Um qualquer arraial popular, algures no nosso país, noite quente de Junho, onze e trinta. Poucos velhos e quase nenhumas crianças. Os carrocéis foram deslocados. Noto que desapareceram as típicas barraquinhas de "matraquilhos" e outros jogos.
Um negro de boné branco "pede-me" um cigarro. Como não gostei do tom, recuso. O fulano desata a insultar-me, em voz baixa mas claramente perceptível; noto um sinal discreto a outro "pintas", que entretanto se aproximara; recuso de novo: "não dou tabaco, não vale a pena insistires".

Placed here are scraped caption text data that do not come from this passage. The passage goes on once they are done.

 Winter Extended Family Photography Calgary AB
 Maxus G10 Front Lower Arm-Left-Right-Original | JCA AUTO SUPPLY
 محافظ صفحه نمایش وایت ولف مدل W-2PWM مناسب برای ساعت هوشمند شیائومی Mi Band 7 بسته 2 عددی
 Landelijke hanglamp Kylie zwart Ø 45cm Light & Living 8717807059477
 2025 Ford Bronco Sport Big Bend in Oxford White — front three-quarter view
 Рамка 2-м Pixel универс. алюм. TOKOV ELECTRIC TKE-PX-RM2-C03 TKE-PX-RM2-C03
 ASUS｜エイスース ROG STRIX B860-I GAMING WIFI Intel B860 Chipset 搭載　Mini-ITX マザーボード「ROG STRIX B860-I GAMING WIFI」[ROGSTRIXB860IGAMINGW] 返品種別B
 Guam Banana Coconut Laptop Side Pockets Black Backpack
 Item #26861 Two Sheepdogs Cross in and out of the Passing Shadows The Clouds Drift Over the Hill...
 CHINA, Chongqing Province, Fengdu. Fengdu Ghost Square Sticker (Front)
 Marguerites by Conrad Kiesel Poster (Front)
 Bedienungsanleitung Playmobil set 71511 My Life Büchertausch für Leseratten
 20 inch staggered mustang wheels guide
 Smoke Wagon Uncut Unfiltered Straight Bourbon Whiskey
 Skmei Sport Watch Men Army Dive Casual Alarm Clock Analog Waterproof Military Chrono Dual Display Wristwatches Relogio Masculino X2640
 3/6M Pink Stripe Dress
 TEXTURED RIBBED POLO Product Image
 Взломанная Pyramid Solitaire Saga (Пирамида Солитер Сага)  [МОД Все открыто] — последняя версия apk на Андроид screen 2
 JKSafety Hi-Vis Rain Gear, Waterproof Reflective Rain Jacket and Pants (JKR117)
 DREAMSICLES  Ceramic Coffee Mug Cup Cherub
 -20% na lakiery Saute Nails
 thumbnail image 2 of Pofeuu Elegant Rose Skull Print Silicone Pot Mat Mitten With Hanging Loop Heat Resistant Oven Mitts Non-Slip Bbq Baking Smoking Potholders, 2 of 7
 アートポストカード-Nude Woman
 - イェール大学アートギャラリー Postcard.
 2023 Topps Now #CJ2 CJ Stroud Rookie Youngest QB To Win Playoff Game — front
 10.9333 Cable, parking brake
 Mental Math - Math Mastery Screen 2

O gang já estava entretanto composto, rapazolas brancos e negros, mais duas raparigas. Aproxima-se um outro negro, trazendo pela trela um "pitbull" castanho; pousa a trela no chão e pisa-a, ao deleve, apenas o suficiente para o bicho não se afastar. Evidentemente, o cão não estava açaimado, como manda a Lei em locais públicos. A não mais de dez metros, quatro agentes da autoridade em amena cavaqueira. Enquanto outro dos "pintas", nitidamente drogado ou embriagado, debita provocações, uma espreitadela por cima do ombro permite-me ver que pelo menos um dos agentes já se apercebeu de que poderia haver ali problema; julgo ter vislumbrado um olhar de relance desse agente para o cão; o polícia ri, volta as costas e retoma a conversa com os colegas.
Um dos feirantes esclarece-me: aquele é um dos grupos mais conhecidos pelas suas arruaças. Combatem ali, todos os anos, com grupos rivais. Daí a proibição de matraquilhos, por isso os carrocéis em zona mais protegida; evidentemente, percebe-se também porque desapareceram os velhos e as crianças.
Pelos vistos, este gang é agora o dono da feira, ao menos por este ano. A arma secreta deu-lhes toda a vantagem: ninguém se atreve a fazer frente a um "pitbull". Se, por hipótese académica, alguém tivesse de responder pela agressão do canídeo - treinado para filar e não largar - ninguém assumiria a responsabilidade, pelo simples facto de que o animal não tem legalmente qualquer dono. Do mesmo modo que aqueles que o alimentam e conservam nem identificação têm, quanto mais responsabilidade ou sequer existência jurídica.
Compreende-se a atitude dos "agentes da autoridade", e já todos observamos comportamentos semelhantes, nas situações mais diversas. Apenas por exemplo, lembro-me de, em tempos, ter ajudado um agente a procurar no chão os cartuchos das balas que tinha disparado contra um assaltante; é obrigatório entregá-los juntamente com o relatório da "ocorrência". A Lei portuguesa protege os criminosos, que têm todos os direitos, despreza a polícia, que tem por função escrever relatórios, e esquece as vítimas - que são sistematicamente culpadas por estarem no local errado à hora errada.
Evidentemente, os criminosos são muito amigos dos animais e, em especial, admiram a beleza e as qualidades sociabilizantes da raça Pitbull. O horripilante disto não é propriamente - ou apenas - o aspecto do animal e o animal em si mesmo; horrível é toda a gente saber para que servem os cães "de combate" e toda a gente fingir que não sabe.